Dans la page de présentation de Cryptosmart, il est expliqué que « l’administrateur peut gérer toutes les fonctionnalités à distance » et qu’il peut aussi procéder à un « effacement à distance », de façon à supprimer la totalité du contenu du terminal. L’usage de Cryptosmart dans cette affaire (ou d’un système équivalent) n’est toutefois pas avéré. Et si Alexandre Benalla y a accès, il ne s’en servait peut-être pas.

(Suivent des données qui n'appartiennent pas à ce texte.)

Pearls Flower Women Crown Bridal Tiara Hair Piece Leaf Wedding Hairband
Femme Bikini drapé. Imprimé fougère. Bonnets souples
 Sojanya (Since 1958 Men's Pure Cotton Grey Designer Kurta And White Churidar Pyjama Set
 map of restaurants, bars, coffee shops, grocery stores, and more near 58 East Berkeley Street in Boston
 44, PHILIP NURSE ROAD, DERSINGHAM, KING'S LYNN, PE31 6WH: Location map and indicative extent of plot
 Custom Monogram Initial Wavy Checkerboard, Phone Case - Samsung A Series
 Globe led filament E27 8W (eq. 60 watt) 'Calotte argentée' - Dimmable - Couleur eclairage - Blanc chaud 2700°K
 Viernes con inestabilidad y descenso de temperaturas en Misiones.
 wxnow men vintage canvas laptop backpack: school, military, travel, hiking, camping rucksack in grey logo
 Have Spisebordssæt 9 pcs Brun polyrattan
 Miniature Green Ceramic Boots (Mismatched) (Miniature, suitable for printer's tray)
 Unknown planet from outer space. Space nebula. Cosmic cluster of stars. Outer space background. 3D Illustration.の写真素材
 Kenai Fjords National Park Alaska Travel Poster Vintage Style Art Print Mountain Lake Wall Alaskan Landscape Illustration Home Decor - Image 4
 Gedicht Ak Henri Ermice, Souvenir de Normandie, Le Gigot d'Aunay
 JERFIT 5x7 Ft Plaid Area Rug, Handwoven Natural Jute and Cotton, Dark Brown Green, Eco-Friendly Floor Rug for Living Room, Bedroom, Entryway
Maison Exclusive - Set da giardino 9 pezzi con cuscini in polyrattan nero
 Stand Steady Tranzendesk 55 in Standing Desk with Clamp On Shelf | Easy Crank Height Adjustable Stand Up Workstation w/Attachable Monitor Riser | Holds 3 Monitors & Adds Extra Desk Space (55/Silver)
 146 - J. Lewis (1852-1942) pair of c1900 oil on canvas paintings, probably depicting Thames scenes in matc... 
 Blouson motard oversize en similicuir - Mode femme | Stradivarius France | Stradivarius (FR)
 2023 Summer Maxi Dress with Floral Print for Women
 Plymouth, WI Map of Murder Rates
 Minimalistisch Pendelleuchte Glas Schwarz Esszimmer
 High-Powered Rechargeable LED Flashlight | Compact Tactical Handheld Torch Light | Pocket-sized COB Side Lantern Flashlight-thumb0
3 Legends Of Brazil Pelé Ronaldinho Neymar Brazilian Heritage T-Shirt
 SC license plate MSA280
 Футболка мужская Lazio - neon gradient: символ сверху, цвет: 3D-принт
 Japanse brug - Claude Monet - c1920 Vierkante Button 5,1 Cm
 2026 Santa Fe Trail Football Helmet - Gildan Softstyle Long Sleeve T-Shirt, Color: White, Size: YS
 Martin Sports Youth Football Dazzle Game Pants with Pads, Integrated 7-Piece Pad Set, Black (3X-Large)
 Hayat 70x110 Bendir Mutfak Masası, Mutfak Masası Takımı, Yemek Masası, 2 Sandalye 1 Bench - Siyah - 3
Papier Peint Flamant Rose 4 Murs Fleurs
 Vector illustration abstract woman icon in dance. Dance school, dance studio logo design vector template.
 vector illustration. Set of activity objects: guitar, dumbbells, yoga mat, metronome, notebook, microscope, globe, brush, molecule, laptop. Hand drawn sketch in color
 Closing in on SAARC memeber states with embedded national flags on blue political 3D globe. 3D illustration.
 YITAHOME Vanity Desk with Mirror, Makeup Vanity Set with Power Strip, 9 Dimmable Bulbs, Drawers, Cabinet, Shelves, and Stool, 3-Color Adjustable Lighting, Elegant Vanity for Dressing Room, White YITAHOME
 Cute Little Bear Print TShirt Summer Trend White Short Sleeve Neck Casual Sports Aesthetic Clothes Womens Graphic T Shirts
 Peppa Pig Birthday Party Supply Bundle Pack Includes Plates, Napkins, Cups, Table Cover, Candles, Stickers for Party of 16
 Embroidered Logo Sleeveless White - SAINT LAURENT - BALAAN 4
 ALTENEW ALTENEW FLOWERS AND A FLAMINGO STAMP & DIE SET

Contactée pour des précisions sur le fonctionnement de Cryptosmart, Ercom n’a pas donné pour l’heure suite à nos questions.
Questions encore en suspens
En poussant la réflexion, l’on pourrait aussi envisager que des moyens spéciaux de l’Élysée — Alexandre Benalla a renvoyé la patate chaude au commandement militaire du Palais, dirigé par le général Éric Bio-Farina — ont été engagés sur ce dossier précis. La présidence de l’Élysée et plus généralement l’État ne manquent pas de moyens en la matière. Mais il ne s’agit ici que de spéculations.
Aux juges, Alexandre Benalla a en tout cas fait comprendre que « certaines fonctions d’administration », protégées par des codes d’accès, pouvaient être pilotées à distance. L’intéressé a invité les magistrats à se tourner vers la présidence de la République. « S’il y a des codes qui ne fonctionnent plus, il faut s’adresser à l’Élysée, ils ont dû changer les codes à distance », a-t-il dit.
Quant à la date « 1970 » (qui correspond au début de l’« l’heure Unix ») apparue sur le téléphone d’Alexandre Benalla, cela ressemble à une remise à zéro du mobile, par une réinitialisation des paramètres d’usine. Quelque chose qu’il est possible de faire très facilement à distance, par les interfaces grand public fournies par Google et Apple ou par un logiciel professionnel de contrôle de la flotte d’appareils.
Une première version de cet article comportait quelques imprécisions.